Public Pensions

San Francisco Police Union endorses Angela Alioto for Mayor

In the heyday of the “New Deal”, FDR’s program to address the crisis of the Great Depression of the 1930’s, a lot was done to shepherd workers into unions.  But one group was not encouraged, or even given the opportunity to unionize, government workers.  This is because unions were supposed to get workers a percentage of the profits they were generating for the “fat cats”.  And it was obvious to everyone that government workers didn’t’ create profits.  Even FDR himself explicitly stated that unions were NOT a good idea for government employees.

Today we know why.  The laws and regulations were changed in the early 1960’s, under President Kennedy.  He probably thought he was just giving a simple “right” to those that had not been allowed to unionize.  Neither he, nor those that took similar action at the state and local level, evidently did not foresee what the consequences would be.

Unionization led to massive increases in pay rates and pensions for government employees.  These range from teachers in local schools, to the police and fire departments, to bureaucrats doing government work at every level in a myriad of byzantine organizations that collectively are paid for with tax dollars.

It used to be that being a policeman or a fireman was a decidedly blue collar job.  No one went into these fields to get rich.  Now, they are among the best paid professions in the country.  They frequently make more in salary than many engineers do.  And their pensions are astronomical.  A policeman in California (OK, probably the worst example, but it’s to make the point) can retire at 50.  If he works for thirty years, his pension will be 90% of the average of his last couple of years on salary.  And this “average” is typically inflated by overtime, selling back vacation days, and other “tricks”.  Nobody, not even military, get a pension like this.

The reason for this mess is that politician all think short term.  They only care about their election or re-election.  They will not be around when the pay raise or pension bump they gave the police union in return for their political endorsement (Mayor X is “tough on crime”) has to be paid.
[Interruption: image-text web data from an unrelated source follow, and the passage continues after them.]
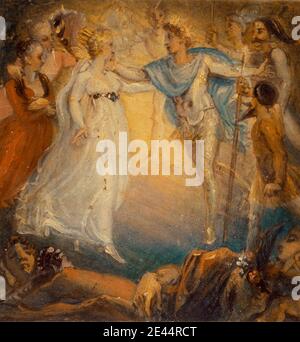 Thomas Stothard, 1755â€"1834, British, Oberon et Titania, a Midsummer Night's Dream, Act IV, Scene i, 1806. Huile sur papier monté à bord. Un rêve de la nuit d'été, pièce de William Shakespeare , costume , couronne (composante de costume) , rêve , roi (personne) , lumière , thème littéraire , amoureux , réunion , performance , reine (personne) , sommeil , théâtre (discipline). Oberon (personnage du rêve D'UNE nuit d'été) Shakespeare, William (1564-1616), dramaturge et poète Titania (personnage du rêve D'une nuit d'été) Banque D'Images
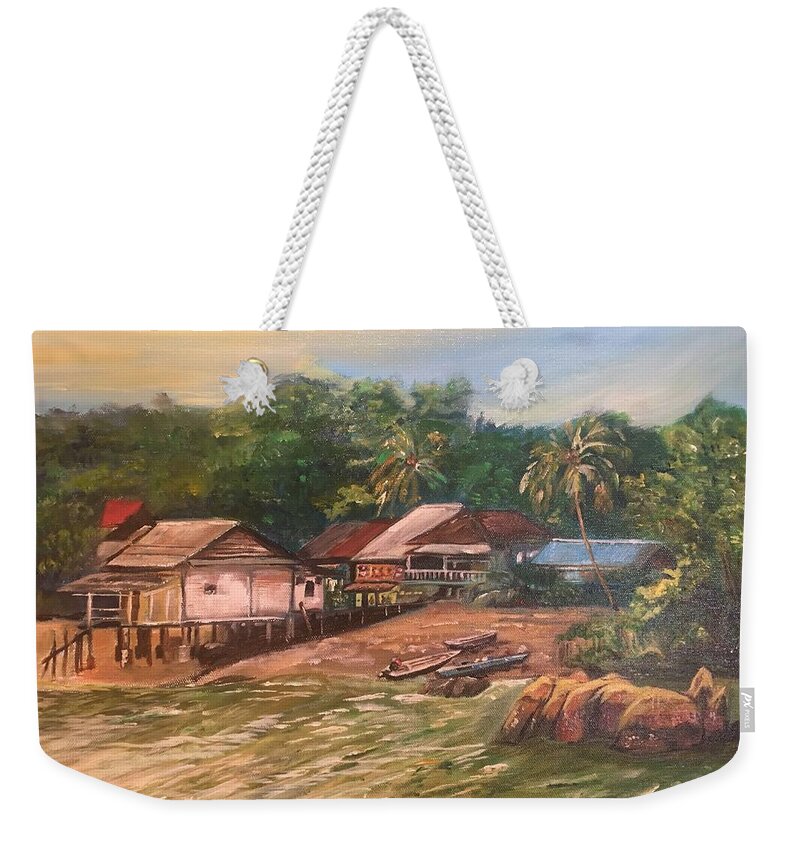 Island Weekender Tote Bag featuring the painting Ubin My Love by Belinda Low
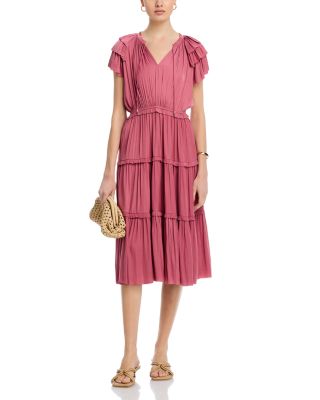 Flutter Sleeve Split Neck Flare Airflow Dress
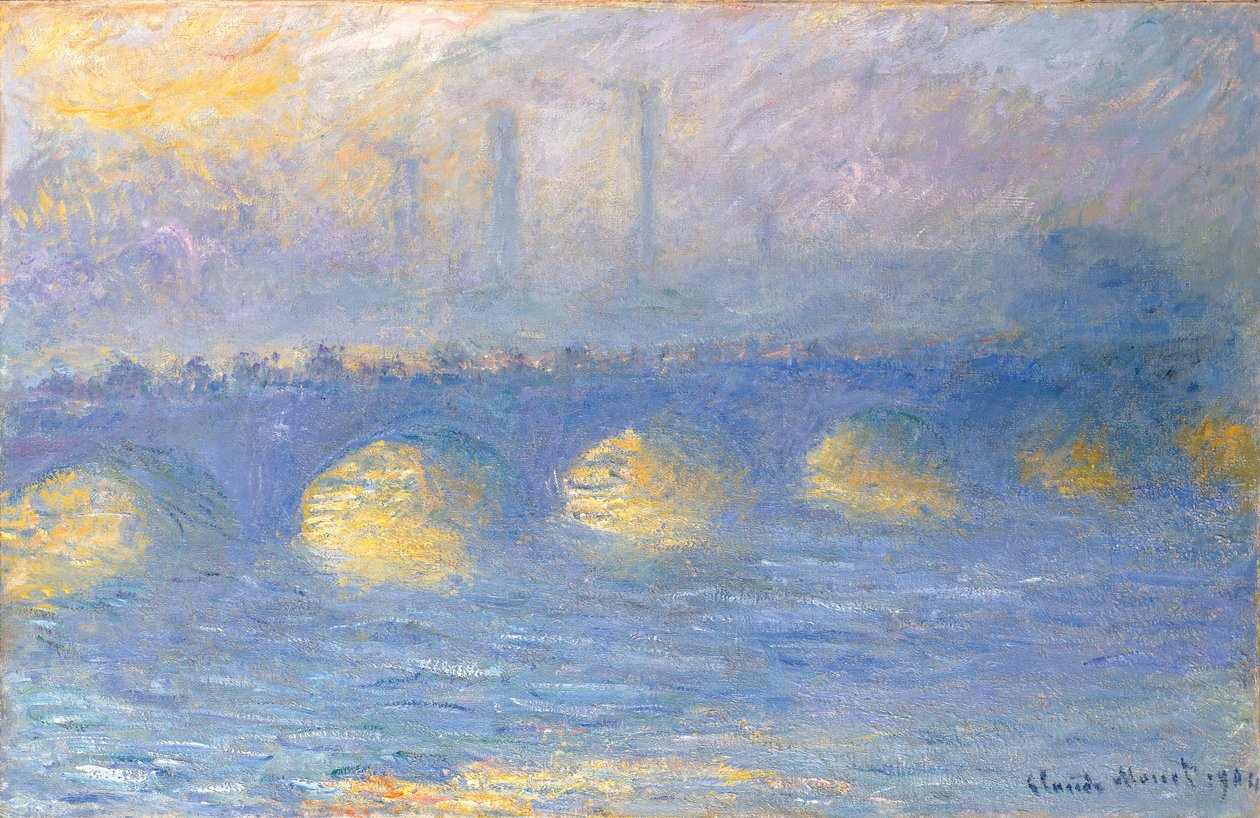 Waterloo Bridge, overskyet, 1904 af Claude Monet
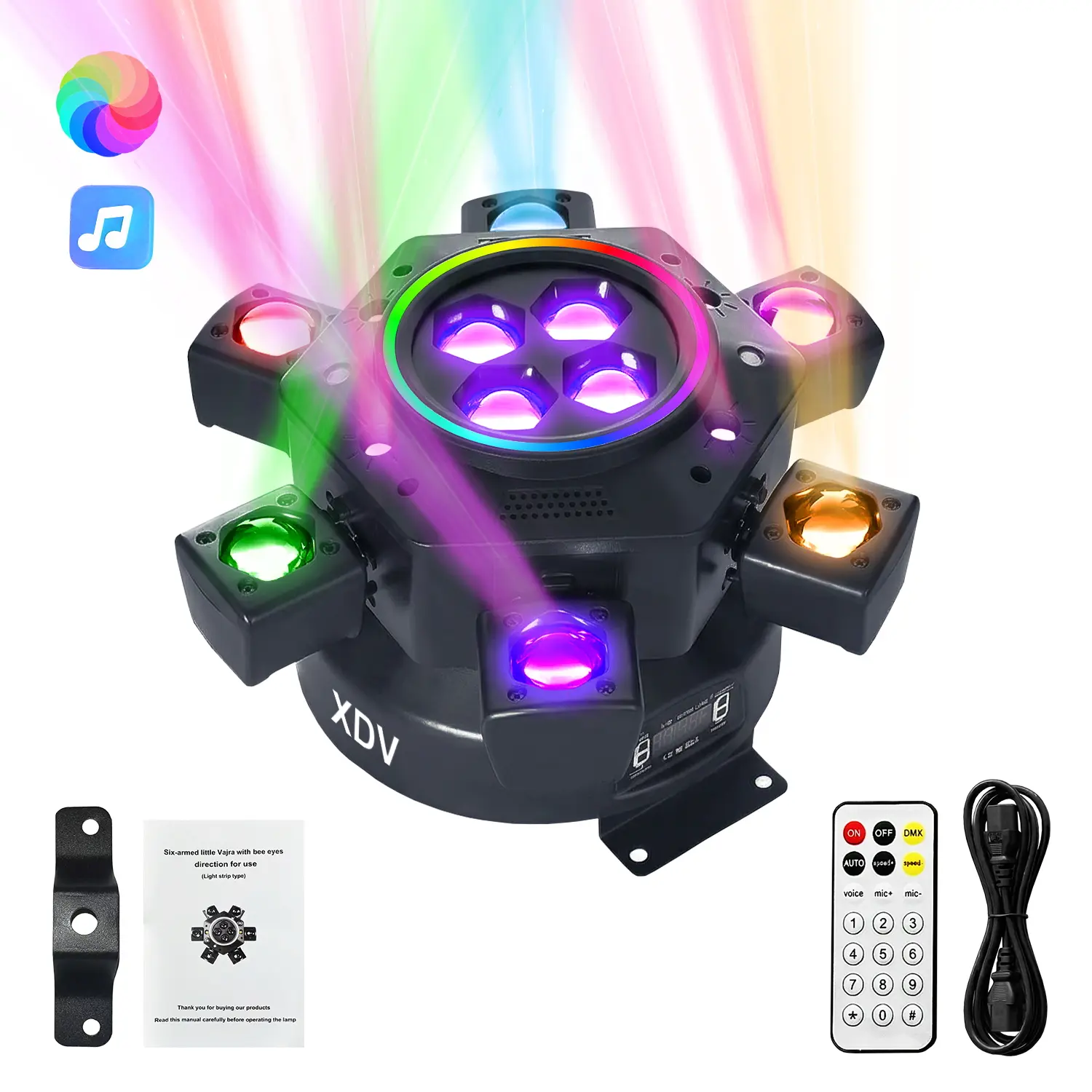 XDV 150W 6-Arm Moving Head DJ Stage Light - Super Bright, RGB Light Effect, Color Changing Rainbow LED Backlight, Multi Mode, DMX-512, Sound Sync, Adjustable Intensity, Stage Presence Festive Decor for Parties, Weddings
These salaries and pensions have by now wrecked havoc on local, state and federal budgets.  Many municipalities and quite a few states are now literally bankrupt.  Services will have to be severely curtailed.  This could mean lack of the very police and fire protection that we all rely on.  Detroit today is the case in point.  It is where every major city is headed.
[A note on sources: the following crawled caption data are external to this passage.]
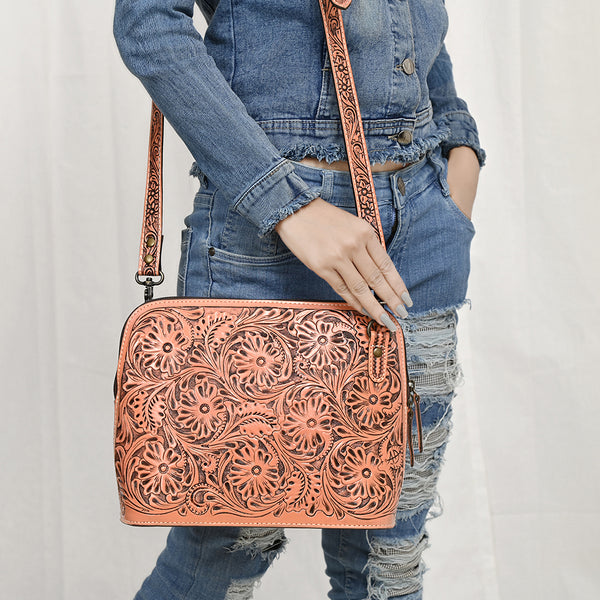 ADBG1138 American Darling Hand Tooled Floral Leather Crossbody Bag Western Purse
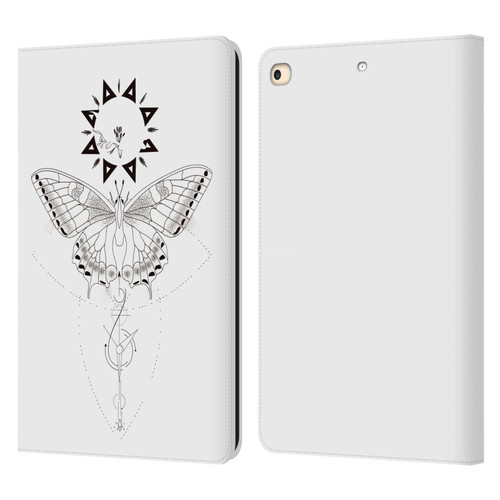 Haroulita Celestial Tattoo Butterfly And Sun Leather Book Wallet Case Cover For Apple iPad 9.7 2017 / iPad 9.7 2018
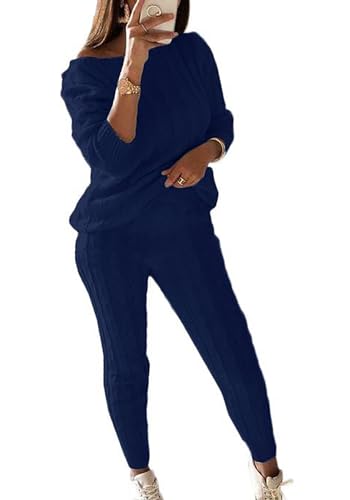 Molisry Women Cable Knitted 2 Pieces Outfits Long Sleeve Sweater Pullover Top Long Pants Lounge Sets Autumn Winter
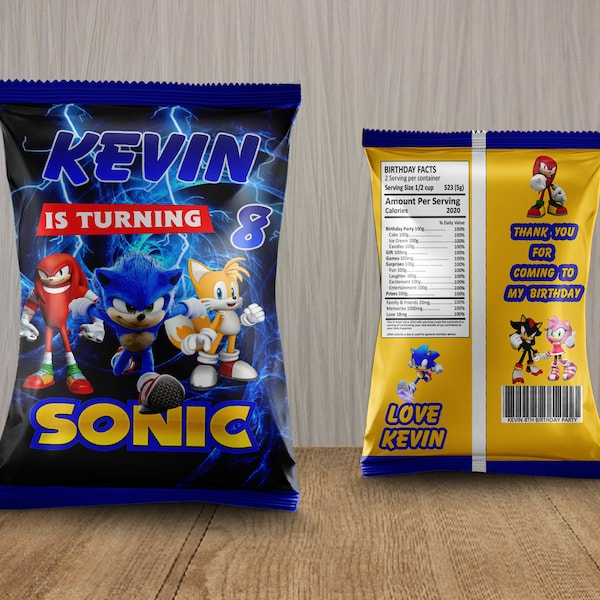 Sacchetti di chip sonici, sacchetto di chip di compleanno sonico, sacchetto di chip di sonic party, sonic the hedgehog chip bag etichette, sacchetto di favore, involucro di chip bag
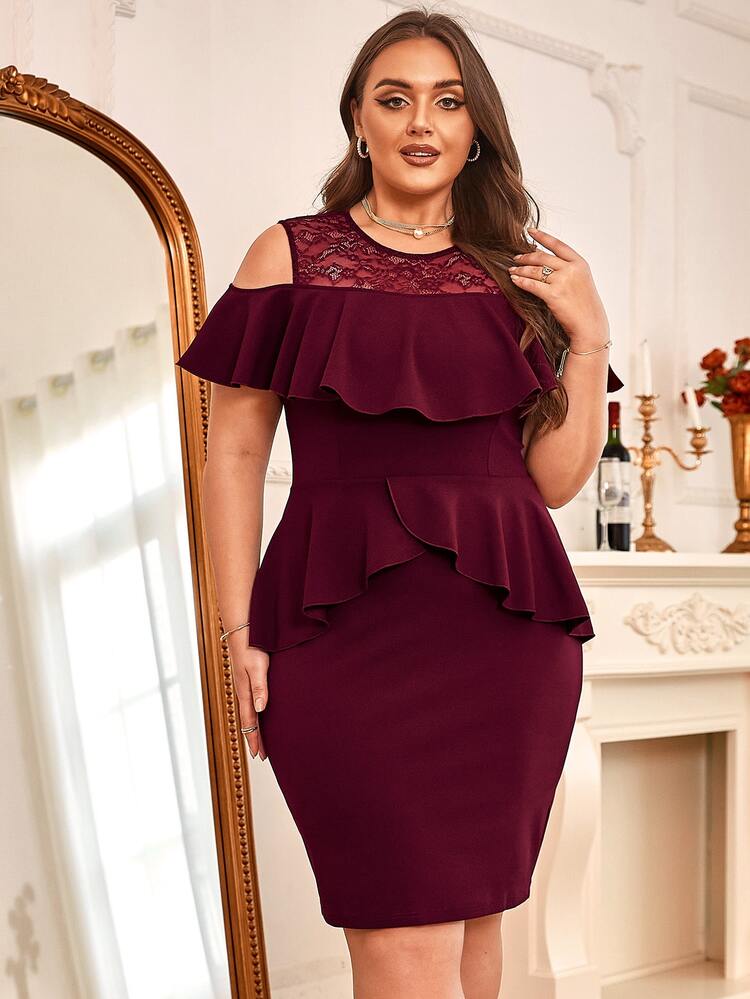 burgundy peplum dress plus size Plus Size Burgundy Sequin Formal Dress| Wedding Outfit|Top Super Deals main image 1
The funny thing is that in the end, by bankrupting the cities and states they work for, the government employees will end up getting almost nothing.  They will have literally killed the goose that laid the golden egg.

What to Do

Government worker pay, especially executive level compensation, needs to brought back to reasonable levels, in line with other workers in the private sector.  Government pensions should be reduced to long term sustainable levels.

If needed, caps need to placed on public pensions to prevent excess and to give local and state governments some latitude regarding their financial future.  In fact, these caps could ensure that people who have government pensions will at least get something when the system craters.